Yeah, and everyone who was into dance music was like, “Oh yeah, you’re the one in the Housemartins who was doing dance music before the rest of us”. I don’t think anyone... there were only a couple of journalists who didn’t realise I’d done dance music before... ever really made much of a deal about it. My conscience is clear on that one. Besides there wasn’t much of a bandwagon to get on when I got on it.
How does being a DJ affect what you do in the studio?
When you’re making out and out dance music it helps because when you’re DJing you spend untold hours just standing watching people dance. And you kind of begin to realise which bits of a record people react to and which bits get ‘em going. So when I’m in the studio, I think back to the night before and what kind of things worked with dancers.
What do you learn from DJing?
That goes back to the previous question. You just learn what makes people dance. It doesn’t necessarily mean you make great pop music, but if your music’s aimed straight at the dancefloor it gives you a head start on everybody else. Also, it gives you a chance to try your tunes out.
What’s the secret of your success?
Dogged determination in the face of thinking I was too old for it. Living the life 100%. There’s tons of people who, when they get older, stop going to clubs. And if you stop going to clubs, you stop making club music really. You can make interesting noodly stuff, but you’ve got to be out there every weekend to make pure dance music. Putting in those late night hours.
How do you go about making great records?
Again, it’s similar to the other one. Just faff about for ages until it sounds good. And remember how you felt when you put a tune on and it rocked the crowd; or a groove that the crowd just totally got into when they’ve never heard the record before.
Does that translate into the big commercial pop successes you’ve had?
No, that’s kind of a case of just throwing lots of stuff at the ceiling and seeing what sticks. I just do tons of tunes that are aimed at the dancefloor, and every now and the one of them fits on the radio and the charts. I have tried to make pop records, but they’re always appalling. All the Fatboy records are just made for the Big Beat Boutique. It’s just lucky that the taste of the crowd there is the same as Radio One programmers. That catapults you into a different arena.
How do you come across the samples for the records. How do you make them fit together so well?
Trial and error. Getting tons of stuff together by going to record fairs, car boot sales, cheap old rubbish. Then getting bits you think might work as a hook. I just have them all on disk and I just try them out until I find ones that work with each other.
What records do you look for when you’re searching; what are the things you look for?
Yeah. Hair styles and beards on a band. If they’ve got long hair and beards, and look like they smoke pot they’re likely to make better records.
Like Black Oak Arkansas?
Yeah. Especially those big bands with eight of them in; half white half black and they look like they all take acid.
Like Tower of Power?
Yeah. Secondly, the more obscure the better because you have to pay less for the samples [laughs]. Year’s quite important too. 1970-1975, those are the best times, because before that the drum sounds weren’t very tight. And then after 1977 because disco came in and everything went shit.

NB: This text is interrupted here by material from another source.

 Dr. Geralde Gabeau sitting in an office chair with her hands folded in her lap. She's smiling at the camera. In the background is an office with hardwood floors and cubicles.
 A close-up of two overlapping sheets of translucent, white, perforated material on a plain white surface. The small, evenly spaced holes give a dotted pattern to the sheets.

What technical aspects do you apply when you make these records? What’s the process?
There is no process really, it’s just... I dunno, you just sit there for hours making weird noises until you find something that turns you on. I normally start with the rhythm track. Then the hook. Then I see what else is missing.

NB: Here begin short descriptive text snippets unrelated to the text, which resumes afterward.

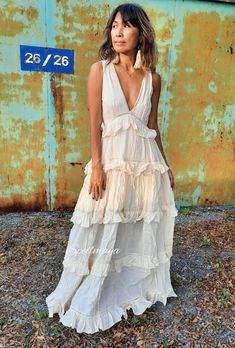 Handmade ruffled raw cotton dress with lining. Was $139 now on sale $105 Decorate with lace. Deep v neck, elastic at the back. 2 colors cream and white, Measurements: Bust 32 up to 38 inches. Hip Free Length 56.5 inches. CARE: Machine wash cold. Summer Floor-length Gown With Ruffles, Sleeveless Ruffled Dress For Beach Wedding, Floor-length Ruffled Maxi Dress For Wedding, Spring Gown With Ruffles, Long Dress, Spring Gown With Ruffles, Long Dress Shape, Summer Maxi Length Gown With Ruffles, Chic Maxi Length Dress For Beach Wedding, Summer Maxi Gown With Ruffles, Long Gown With Ruffles For Spring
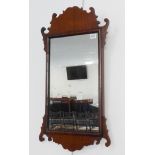 An 18th century style mahogany wall hanging looking glass (68cm highest) (37.5cm widest)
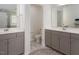 Bright bathroom featuring double sinks, vanity with gray cabinets, and separate toilet room at 1213 Grenshaw Dr, Morrisville, NC 27560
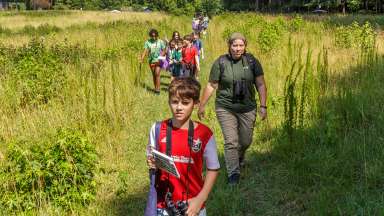 a group with binoculars hiking on a trail at Wilkerson nature preserve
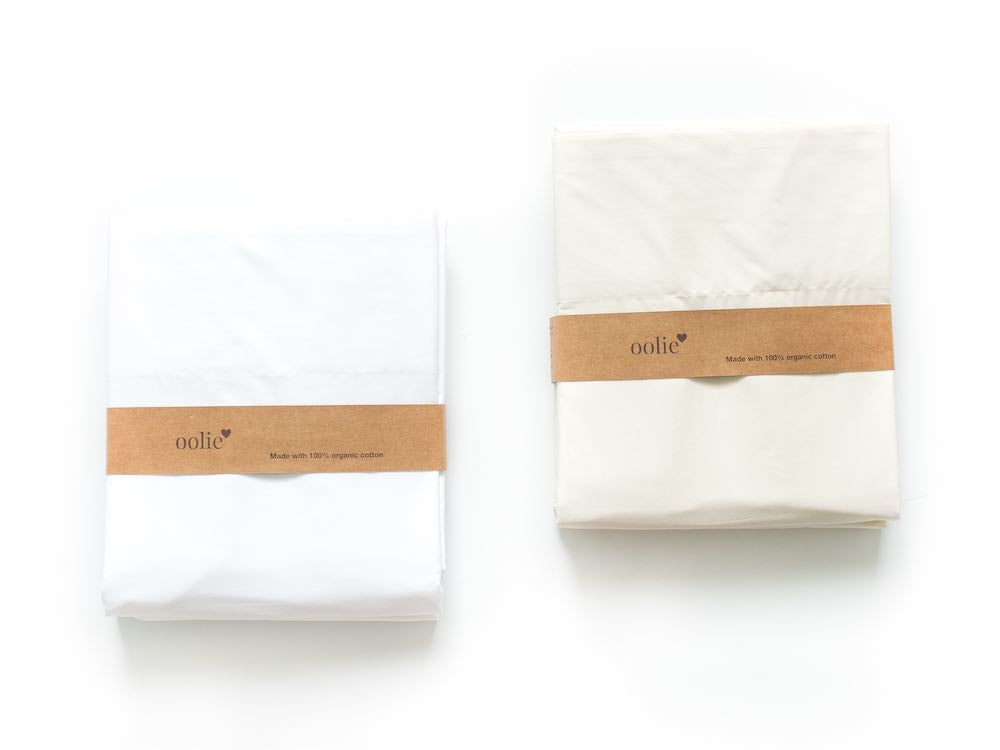Two Oolie organic cotton sheet sets (one white and one in undyed, unbleached natural color cotton), folded, and shown with a kraft paper belly band with the Oolie logo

What differences are there in the business when you came out of the Housemartins, to now?
The first thing I noticed was that DJs could play outside of the town they lived in. Because when I started there was no way you’d ever play in another town because the wages you were getting paid wouldn’t even cover your train fare. The elevation of the DJ is like the new pop star. And pulling people, which meant you got laid more. And people at the other end of the country had heard of you. When I started DJing, the DJ was just below glass collector in order of importance in a night-club. You were just the bloke who stood in the corner and put records on. Over the years the DJ got more and more important...

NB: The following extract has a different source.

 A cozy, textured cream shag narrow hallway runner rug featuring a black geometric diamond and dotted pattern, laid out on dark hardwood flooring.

I dunno, in those days all there was was James Hamilton’s column in Record Mirror and that was our only network of finding out what anybody else was doing. But no-one was making records and there weren’t any stars really, apart from Froggy and Chris Hill. Then when I came back to DJing, it was like, “God, you can play in London, you can play up North”. Mixmag had stopped being a magazine that focussed on wet t-shirt contests sponsored by Malibu UK, so everybody started finding out what other DJs were doing. I dunnno... I suppose it’s the elevation of the DJ from being the janitor in the club to being the star and the person who pulled the crowds.
A lot of the stuff you do is hip hop influenced. What impact did that make on you originally?
That was when I first started going to clubs, when I was 17, and I used to go to a club called Sherry’s in Brighton on a Wednesday, which was the big new romantic night. And in amongst the Human League, Blancmange and Depeche Mode, they’d drop like these other weird tracks. And I remember hearing Planet Rock when it first came out. And it was like, wow, it’s like that and it’s funky and whoah! As I started DJing in clubs, so electro and hip hop were the big forces. So my roots in DJing were that music, which is probably why I keep coming back to it.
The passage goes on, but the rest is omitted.